Vê se me esquecerei de ti, Sião!
Luís Vaz de Camões, in "Sonetos"
Influência da Filosofia Platónica
Platão concebeu dois mundos: um sensível e um inteligível. A vida do homem no mundo era a de um prisioneiro ou desterrado que apenas via as sombras da verdadeira realidade que um dia contemplou no mundo inteligível.
Pela reminiscência (espécie de recordação ) lembrava-se do mundo das ideias donde descendeu.

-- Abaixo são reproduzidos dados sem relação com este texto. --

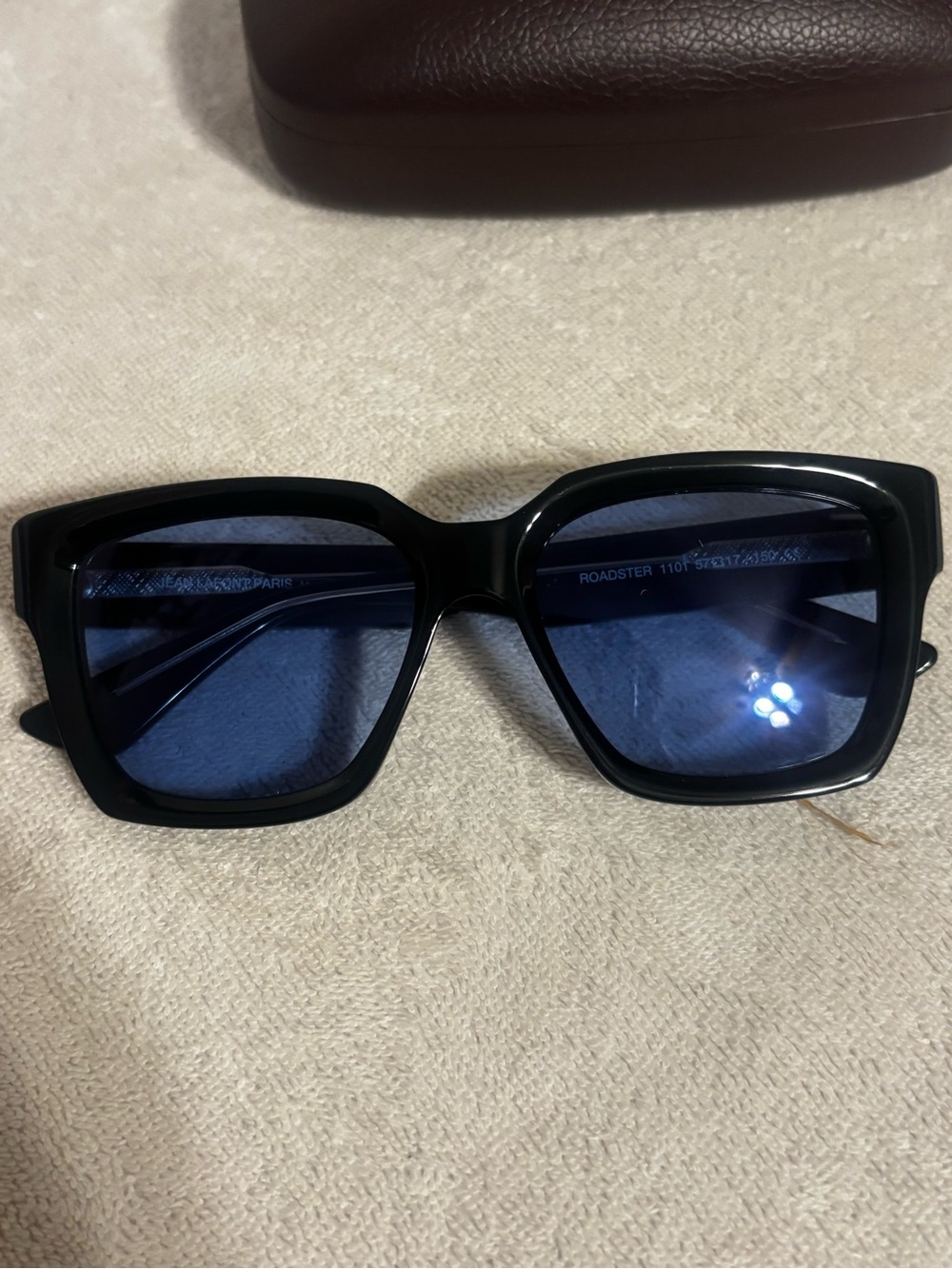 Jean LaFont Roadster
Black Square-Frame Sunglasses with Blue Lenses size 57/17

Camões recorre ás influências de Platão para considerar a terra de exílio como o lugar de sofrimento e de recordação da sua verdadeira Pátria, simbolizada por Sião.
Discurso
Literário pelo seu valor conotativo e sugestivo, o discurso permite que os significantes adquiram significados, obrigando à interpretação e à reflexão.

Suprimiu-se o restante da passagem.